Dün, bir sabır ve direniş heykeli olarak bu millet ve vatan uğruna Metris’te direnen Mütefekkir Salih Mirzabeyoğlu’dan mülhem, makamı yahut mevkii ne olursa olsun aynı tavra müteallik duran bu memleketin evladı her ferdin nelere nasıl katlandığı, “Şehidler Köprüsü” üzerinde can veren yiğitler, kahraman gaziler eliyle bir kez daha anlatılmış oldu…

15 Temmuz Şehidlerimiz’in al kanlarından tüten edâ, memleketimize ve milletimize kast eden istisnasız iç ve dış bütün fitne odaklarına karşı topyekûn bir vücûd olabilmemizdir. Bana kalırsa, 15 Temmuz’da kahramanca öne atılıp göğe yükselenlerin davranışları bir hitaba dönüşse zannediyorum içinde şu sözleri barındır:

Ey vatan evladı, ey Ehl-i İslâm, ey bu milletin “millet” olabilmiş her ferdi!

FETÖ’nün darbe teşebbüsüne sevinen içerideki akademisyenlerle Suriye’de sevinen İran Devrim Muhafızlarının nasıl aynı zihin dünyasına sahip olabildiklerini lütfen gör!

Adana İncirlik Üssü’nde bu memlekete kast etmek için hain kumpası tasarlayanlar arasında olduğu iddia edilen ABD’liler ile İranlı bir generalin aynı masada kol kola olabileceğini unutma!
Aman, sakın, başbakan danışmanlığına getirileceği iddia edilen ve millete kasdı açıkça bilinen fitne odağı olduğu herkesçe malum bir vakfın başkanının atanmasına müsaade etme!
Hâsılı, kökü ve yuları dışarıda olan hiçbir unsurdan bu millete asla fayda gelmeyeceğini anla!

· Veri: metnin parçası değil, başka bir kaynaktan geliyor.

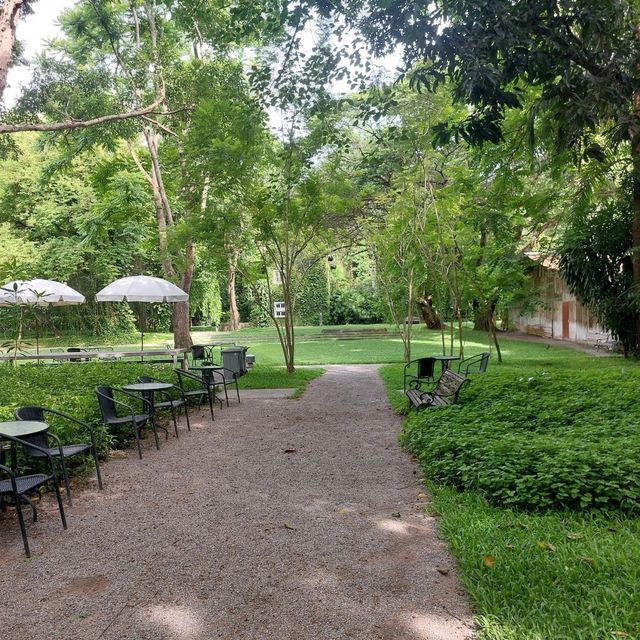 คาเฟ่โรงบ่ม เก๊าไม้ล้านนา เชียงใหม่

Ey milletim! Bize düşen, bu toprakları kanımızla sulayarak korumaktı; sana düşen ise kanın ve canın pahasına bizlerin aziz hatırasına sahip çıkmaktır! Unutma! Senin mayan, her inanış biçiminden insanı kavrayacak kadar saf mayan hiçbir zaman hainlik etmeye meyyal olmaz! Sana hainlik eden de bu milletin evladı olamaz!”

Sarhoşunun bile “Allah” diye nârâ attığı bu millet, içlerinde ayrı dünya görüşlerine de sahip evlatlarıyla aynı ideâl uğruna şehid olabilmeyi başarmış bir millet olarak Şehidler Köprüsü’nde tarihin akışını değiştirmiş olmakla ne kadar övünse azdır… Bu hissiyat içerisinde Ak Parti İstanbul Milletvekili sayın Markar Eseyan beyefendiye seslenmek istiyorum.

Bu milletin gerçek vekillerinden bir vekil olarak, olağan ve olağanüstü şartlar altında bize vekâlet ettiğinize bu dünyada ve ahirette şahidiz! Sizin “Ezanlar Susmasın!” (Twitter, 16.07.2016. 01:37) sözünüz öyle içli, öyle derin ki, milletimizin nasıl bir birliktelik içinde olduğunu hiçbir yoruma yer bırakmaksızın anlatıyor.

Üstad Necip Fazıl, Türk Milleti ile Ermeni Milleti’nin “his rabıtaları”nın nasıl iç içe geçtiğini anlattığı bir meselede, içlenen Erzurumlu Dadaşın “kendisini kaybettirici yakınlık duygusu”ndan ötürü söylediği bir Türkü’nün sözlerini aktarır. Ben de size aynı hissiyatın verdiği sarhoşluk içerisinden sesleniyorum: Ya sen ol Müslüman, Ya ben olam Ermeni!